On the megabus travelling from Cardiff to London today, I had time to write a few words of reflection. Here they are.

The weather is a little horrific. Grey skies. Raindrops running down the glass windows of this megabus coach. Rain. Wind. Wet roads. Big puddles. Welcome to the UK. In November. Or rather, in my case, it’s see ya later alligator. I’ll be back in just under 2 months.

I’ve had a really lovely 10 days away from Franceland. One hard thing was not seeing everyone who is so special to me. But in Cardiff especially, there are many who are so special to me, and in just a few days I didn’t have time to see all of those whom I store loyally in my heart.

In any case, I spent a few lovely days with my dad, little brother and sister, as well as a night with my nan where I caught up with 2 sets of aunties and uncles too. Not forgetting my 5 days spent in Beds with my mum and sister, including a pleasant girly weekend with an aunty from North Wales.

Going back to France now, I don’t really know how to feel.

Firstly I hope I catch my eurostar in time. Still on my way to Llundain and it’s past 10am. My eurostar leaves at 12:58…it’s OK, we’re due into Victoria Coach Station for 10:30am. Praying!

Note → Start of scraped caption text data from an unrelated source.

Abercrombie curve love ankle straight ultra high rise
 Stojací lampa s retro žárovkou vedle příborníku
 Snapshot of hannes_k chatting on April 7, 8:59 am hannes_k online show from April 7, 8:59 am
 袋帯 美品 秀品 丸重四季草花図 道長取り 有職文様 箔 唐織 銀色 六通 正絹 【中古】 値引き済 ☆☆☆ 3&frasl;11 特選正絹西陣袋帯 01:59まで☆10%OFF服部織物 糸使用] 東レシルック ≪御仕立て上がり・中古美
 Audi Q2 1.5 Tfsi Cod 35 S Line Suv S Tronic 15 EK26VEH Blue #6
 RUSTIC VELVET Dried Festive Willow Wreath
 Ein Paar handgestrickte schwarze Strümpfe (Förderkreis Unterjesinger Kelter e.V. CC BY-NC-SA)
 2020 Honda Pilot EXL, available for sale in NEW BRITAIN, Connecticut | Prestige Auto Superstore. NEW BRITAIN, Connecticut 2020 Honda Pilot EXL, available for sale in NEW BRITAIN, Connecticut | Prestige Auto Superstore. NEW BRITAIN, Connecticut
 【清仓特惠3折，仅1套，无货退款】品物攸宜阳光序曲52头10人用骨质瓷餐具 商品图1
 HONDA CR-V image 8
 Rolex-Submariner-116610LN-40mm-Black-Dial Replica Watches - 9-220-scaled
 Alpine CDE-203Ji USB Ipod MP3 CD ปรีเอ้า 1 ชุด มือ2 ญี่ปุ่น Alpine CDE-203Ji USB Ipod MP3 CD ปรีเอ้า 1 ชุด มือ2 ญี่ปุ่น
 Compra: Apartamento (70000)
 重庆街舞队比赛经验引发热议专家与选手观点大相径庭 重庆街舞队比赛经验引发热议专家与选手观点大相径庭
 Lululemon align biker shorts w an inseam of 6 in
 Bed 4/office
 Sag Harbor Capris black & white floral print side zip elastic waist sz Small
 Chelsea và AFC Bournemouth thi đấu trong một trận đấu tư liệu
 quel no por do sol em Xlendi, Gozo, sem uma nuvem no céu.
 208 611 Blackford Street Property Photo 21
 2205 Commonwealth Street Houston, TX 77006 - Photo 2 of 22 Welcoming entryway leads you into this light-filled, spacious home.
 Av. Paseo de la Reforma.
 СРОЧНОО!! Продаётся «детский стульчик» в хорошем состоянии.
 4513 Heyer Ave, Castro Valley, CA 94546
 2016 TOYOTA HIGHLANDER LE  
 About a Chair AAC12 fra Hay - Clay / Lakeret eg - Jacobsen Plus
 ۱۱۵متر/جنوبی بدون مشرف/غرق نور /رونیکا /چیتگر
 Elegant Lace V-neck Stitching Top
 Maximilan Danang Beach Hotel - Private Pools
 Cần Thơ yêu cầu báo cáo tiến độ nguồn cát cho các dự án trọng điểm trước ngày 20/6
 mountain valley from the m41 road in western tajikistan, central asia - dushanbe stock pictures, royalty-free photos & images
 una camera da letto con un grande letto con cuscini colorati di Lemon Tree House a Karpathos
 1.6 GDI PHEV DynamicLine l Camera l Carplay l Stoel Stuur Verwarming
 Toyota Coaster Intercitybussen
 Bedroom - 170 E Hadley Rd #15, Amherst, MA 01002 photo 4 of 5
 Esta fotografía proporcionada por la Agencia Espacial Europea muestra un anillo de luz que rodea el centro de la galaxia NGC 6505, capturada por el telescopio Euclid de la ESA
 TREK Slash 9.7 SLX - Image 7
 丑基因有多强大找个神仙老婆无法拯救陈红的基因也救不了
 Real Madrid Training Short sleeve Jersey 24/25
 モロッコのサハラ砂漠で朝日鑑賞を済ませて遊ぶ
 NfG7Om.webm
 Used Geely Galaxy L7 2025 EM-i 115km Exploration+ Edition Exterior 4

So as I was saying, not really sure how to feel re.commencing Chapter 2 of my Lille life. Like a kid, I look forward to travelling on the eurostar again and get excited when I hear people chatting away in French.

Re.work though, I’m feeling a little more anxious about the whole thing. I’ve even had a nosy on job sites to see a bit what’s out there – if I don’t survive past January.

I would love to stay in Lille for the whole year as planned. I’m just not sure I can hack teaching for the whole time. Perhaps throwing myself in the deep end wasn’t such a good idea.

Anyway; amidst my many blessings I am in a certain way unafraid. I have many security blankets – them being my friends, family, in Wales, UK and even in France.

One little nugget of information for you: over my time away, I met a Christian. Apparently only a Christian for the past 2/3 years, he admitted to me something about God –  ‘I live because of Him, and I live for Him’. He said this to me, unafraid and self-assured. It was touching!

Challenges will arise in this life, wherever I am, wherever we are.  And God is there in every one. He knows about every one. It’s our attitude which we must adapt.

Although things may be grey. Rainy. Albeit, horrific. God sees the bigger picture. We will have trials on this earth – but remember- this earth isn’t our home! Our eternal home and treasures are with God in Heaven – there is another side.